Your task: Print nothing except the line holding "鼎盛宝配资官网 宝宝100天照拍摄攻略：耐心引导师助力出片更自然" and the lines that come after it in the material below, and leave the pictures out.

[Opening Records supplied section]

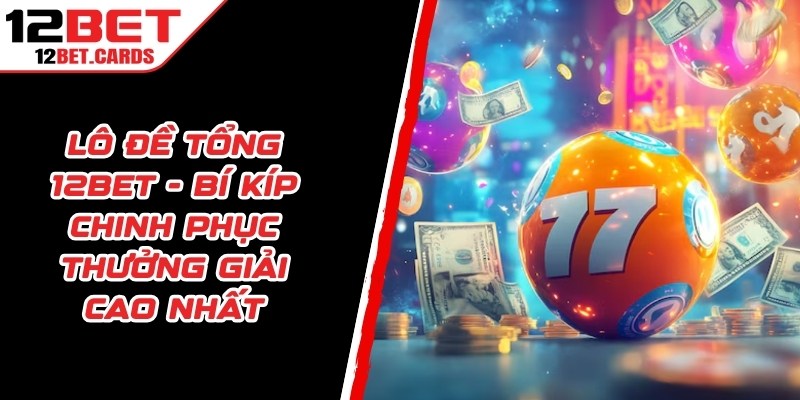 Lô Đề Tổng 12BET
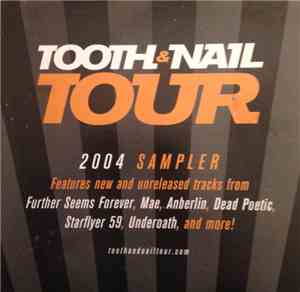 Various - Tooth & Nail Tour: 2004 Sampler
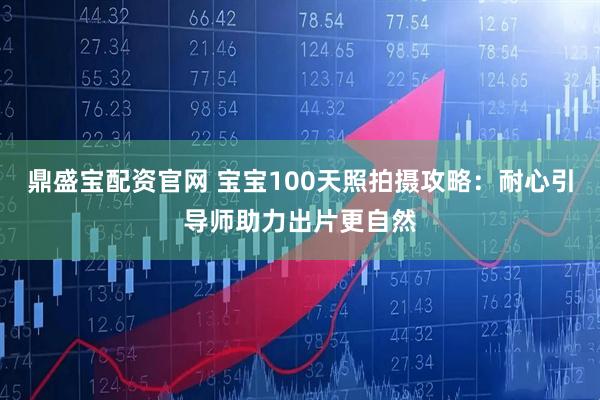 鼎盛宝配资官网 宝宝100天照拍摄攻略：耐心引导师助力出片更自然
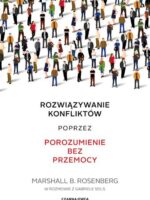 Rozwiązywanie konfliktów poprzez porozumienie bez przemocy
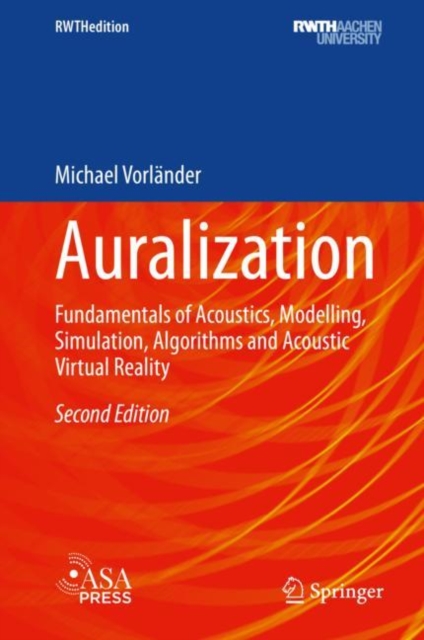 Auralization : Fundamentals of Acoustics, Modelling, Simulation, Algorithms and Acoustic Virtual Reality, PDF eBook
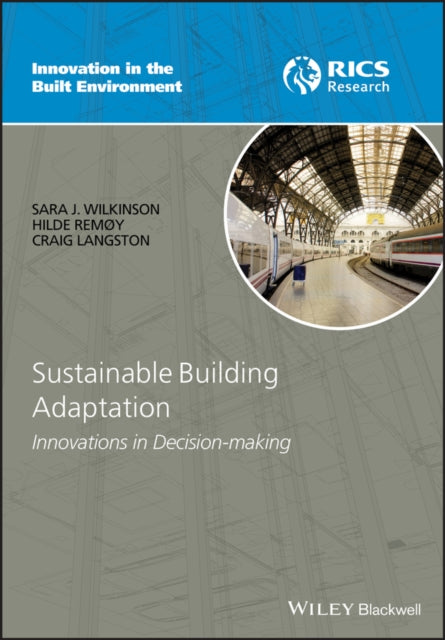 Sustainable Building Adaptation: Innovations in Decision-making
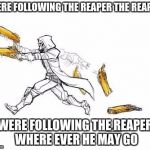 Reaper Overwatch | WERE FOLLOWING THE REAPER THE REAPER; WERE FOLLOWING THE REAPER WHERE EVER HE MAY GO | image tagged in reaper overwatch | made w/ Imgflip meme maker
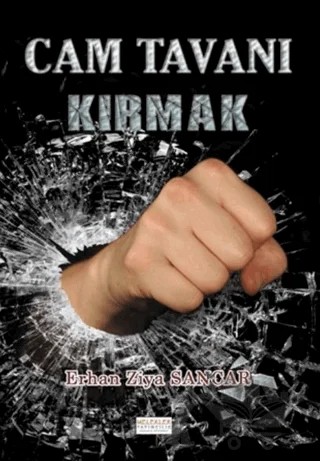 Cam Tavanı Kırmak – Erhan Ziya Sancar – Melekler Yayıncılık kitap kapağı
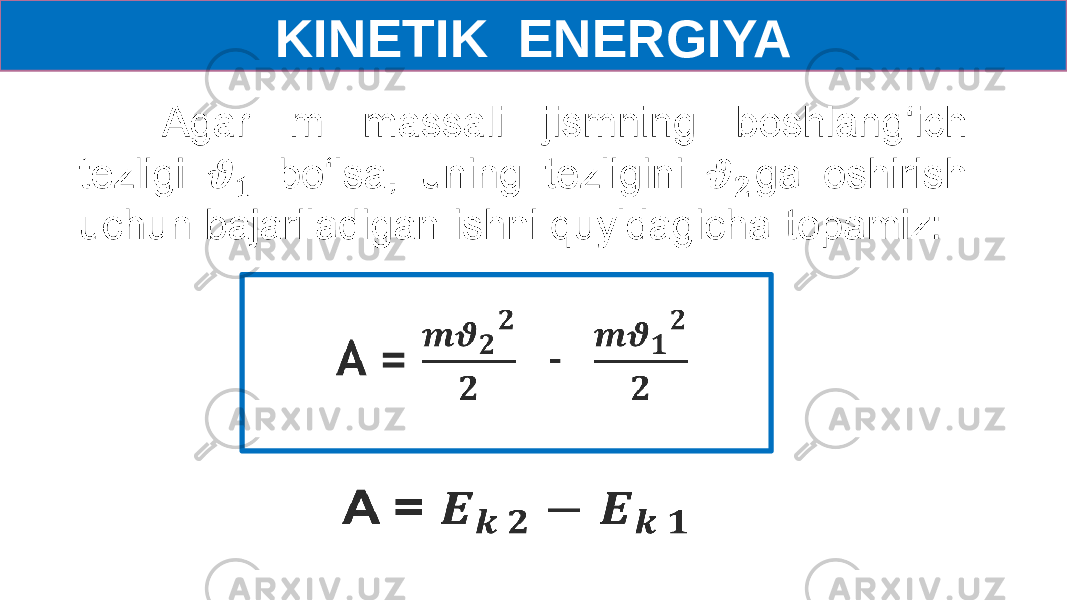 KINETIK ENERGIYA      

[Closing Records supplied section]

Exercise result:
 鼎盛宝配资官网 宝宝100天照拍摄攻略：耐心引导师助力出片更自然
 Rozwiązywanie konfliktów poprzez porozumienie bez przemocy
 Auralization : Fundamentals of Acoustics, Modelling, Simulation, Algorithms and Acoustic Virtual Reality, PDF eBook
 Sustainable Building Adaptation: Innovations in Decision-making
 Reaper Overwatch | WERE FOLLOWING THE REAPER THE REAPER; WERE FOLLOWING THE REAPER WHERE EVER HE MAY GO | image tagged in reaper overwatch | made w/ Imgflip meme maker
 Cam Tavanı Kırmak – Erhan Ziya Sancar – Melekler Yayıncılık kitap kapağı
 KINETIK ENERGIYA      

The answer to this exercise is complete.